[Work to complete]
Every line below that includes the word "Jacket" needs to be copied.

[Supplied material]
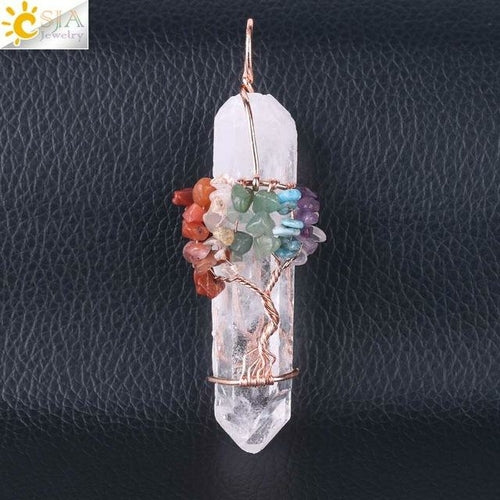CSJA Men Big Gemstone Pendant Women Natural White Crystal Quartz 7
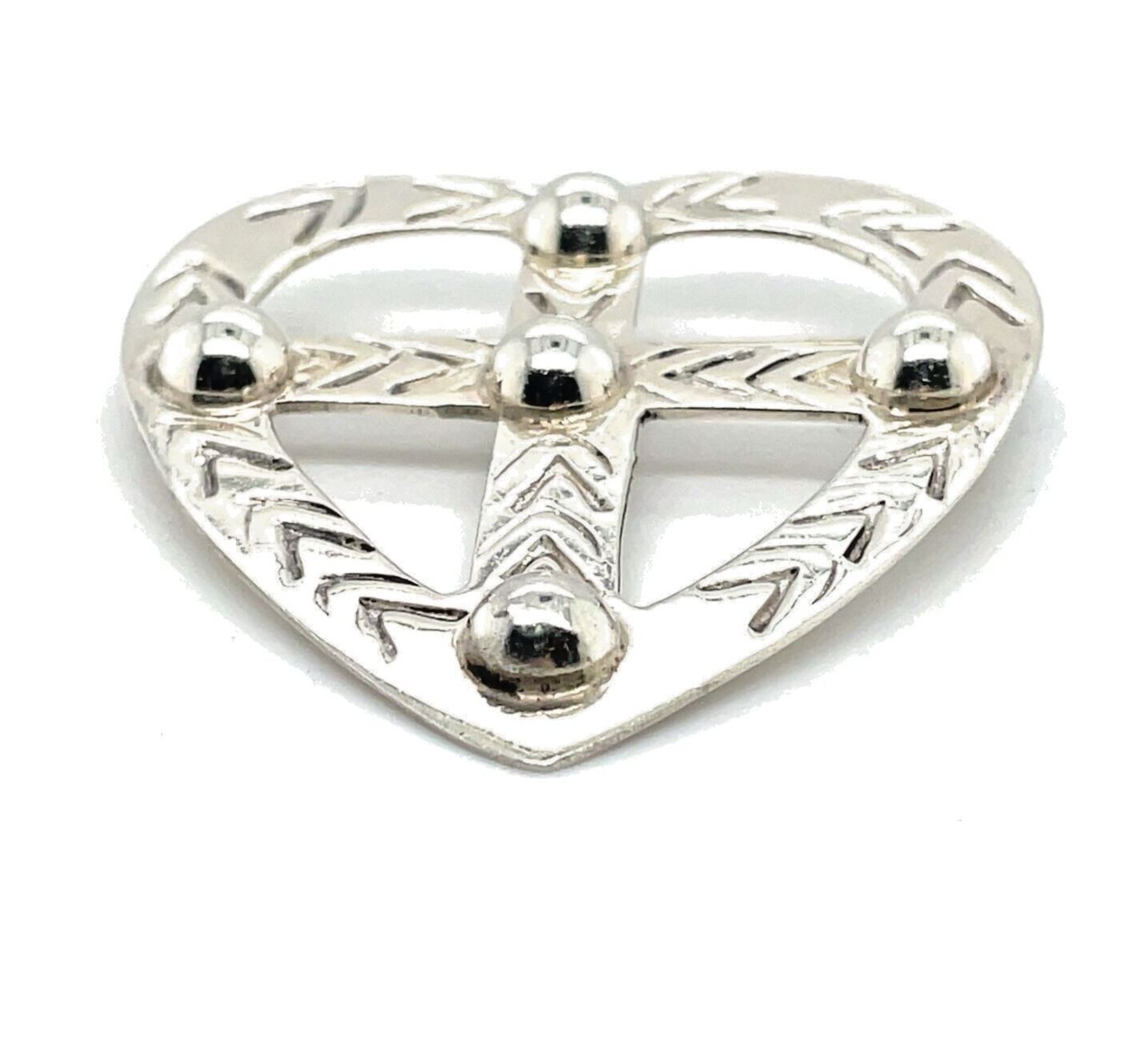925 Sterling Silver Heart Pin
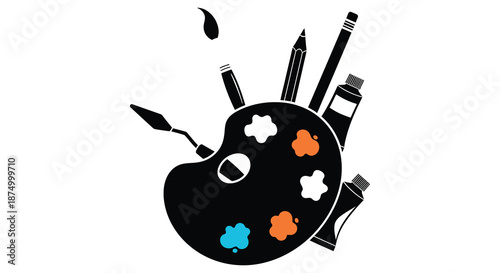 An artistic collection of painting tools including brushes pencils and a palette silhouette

* * *

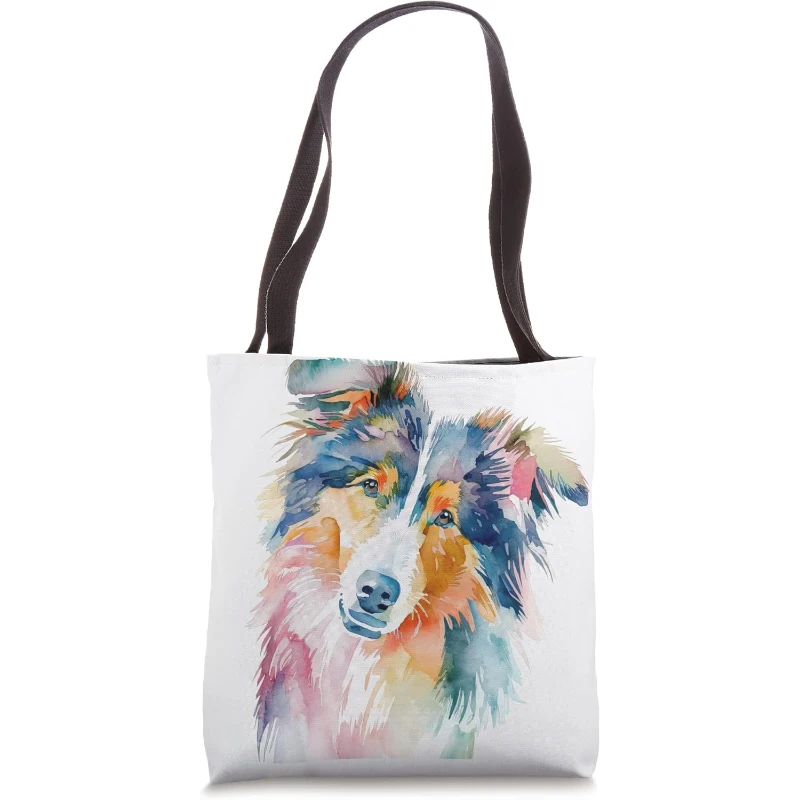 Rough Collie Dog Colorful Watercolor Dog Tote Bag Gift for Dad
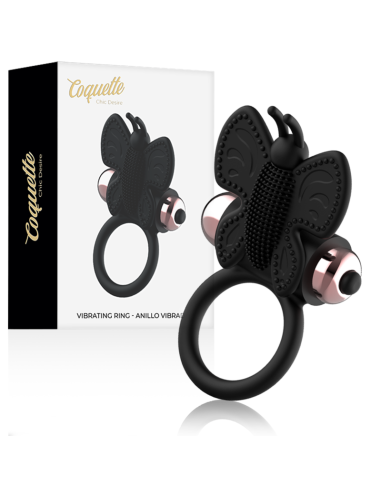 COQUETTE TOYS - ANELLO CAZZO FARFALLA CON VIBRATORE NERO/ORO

==

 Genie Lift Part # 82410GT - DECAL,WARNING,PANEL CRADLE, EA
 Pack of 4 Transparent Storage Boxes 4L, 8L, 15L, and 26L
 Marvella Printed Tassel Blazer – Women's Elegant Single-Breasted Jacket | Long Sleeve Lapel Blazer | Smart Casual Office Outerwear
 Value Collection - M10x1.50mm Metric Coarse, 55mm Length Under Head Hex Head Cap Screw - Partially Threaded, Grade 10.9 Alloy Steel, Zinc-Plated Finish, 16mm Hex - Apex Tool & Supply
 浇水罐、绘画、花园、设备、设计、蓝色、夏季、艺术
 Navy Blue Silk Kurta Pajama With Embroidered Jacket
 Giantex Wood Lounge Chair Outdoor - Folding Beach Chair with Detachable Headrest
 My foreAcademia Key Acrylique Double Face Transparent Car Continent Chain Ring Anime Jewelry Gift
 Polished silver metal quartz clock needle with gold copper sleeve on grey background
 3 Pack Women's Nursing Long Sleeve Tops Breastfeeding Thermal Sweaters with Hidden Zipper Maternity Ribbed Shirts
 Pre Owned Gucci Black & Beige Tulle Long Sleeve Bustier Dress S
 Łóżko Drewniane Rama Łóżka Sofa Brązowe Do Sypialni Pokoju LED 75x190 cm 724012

[Result]
 Marvella Printed Tassel Blazer – Women's Elegant Single-Breasted Jacket | Long Sleeve Lapel Blazer | Smart Casual Office Outerwear
 Navy Blue Silk Kurta Pajama With Embroidered Jacket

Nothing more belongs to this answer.